SNES Assembly Adventure 05: Subroutines

21 Dec 2018

Reading time ~10 minutes

Update February 2022: All code examples from all articles in this series can now be found on Github in one repository

Welcome back, Adventurer. In this article, I’ll introduce you to subroutines. You will learn

What the stack is and how it works
What subroutines are and how they work

We’ll write a simple subroutine that adds the value in register X to the value in register Y.

I forgot to animate this...it's been a while

But before we dive deeper into subroutines, we first need to introduce the stack. I’ll probably come back to the stack several times in future articles since it’s such a great and important concept to understand. So this is by no way a complete description of the stack and all its functionality.

The Stack

The stack formally called a LIFO (last-in, first-out) structure, is a certain range of memory locations where we can store data. The most important characteristic of a stack is that it is a chronological structure. So whatever data we pushed last onto the stack, is the first data that gets pulled from the stack.

When we want to place data on the stack, we say we’re pushing onto (the top) of the stack; when we want to retrieve that data again from the stack, we say we’re pulling data from (the top of) the stack (Note: Some processor architectures use pop instead of pull; popping and pulling from stack are the same thing, just different words).

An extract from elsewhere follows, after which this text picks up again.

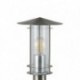 EGLO LISIO 30187 – borne inox – Ø 175 mm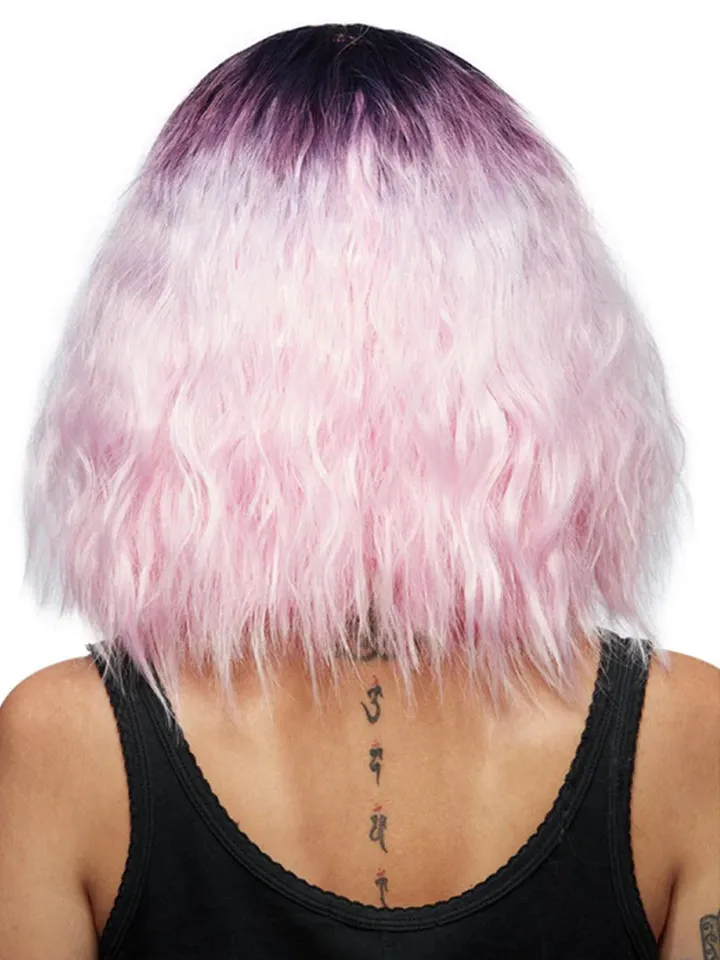Manic Panic Ombre Pink Wig - Parūka 2 [full]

Imagine a stack of plates: Whenever we push a plate on top of the stack, we first need to pull the last plate we put on top of the stack before we can pull any of the plates beneath it.

Here is how the stack on the 65816 works. I’ll first describe the operations in general, then I’ll show you some code examples.

Whenever we push data onto the stack, the 65816 takes the value inside the internal stack pointer or SP and decrements it by either one, two, or three (we will see shortly why). Then it uses the new stack pointer (+1) as the address to store the data in memory. I’ll explain the ‘(+1)’ in a moment.

Whenever we pull data from the stack, the 65816 loads the data from the address stored in the stack pointer (+1), then increments the stack pointer by either one, two, or three.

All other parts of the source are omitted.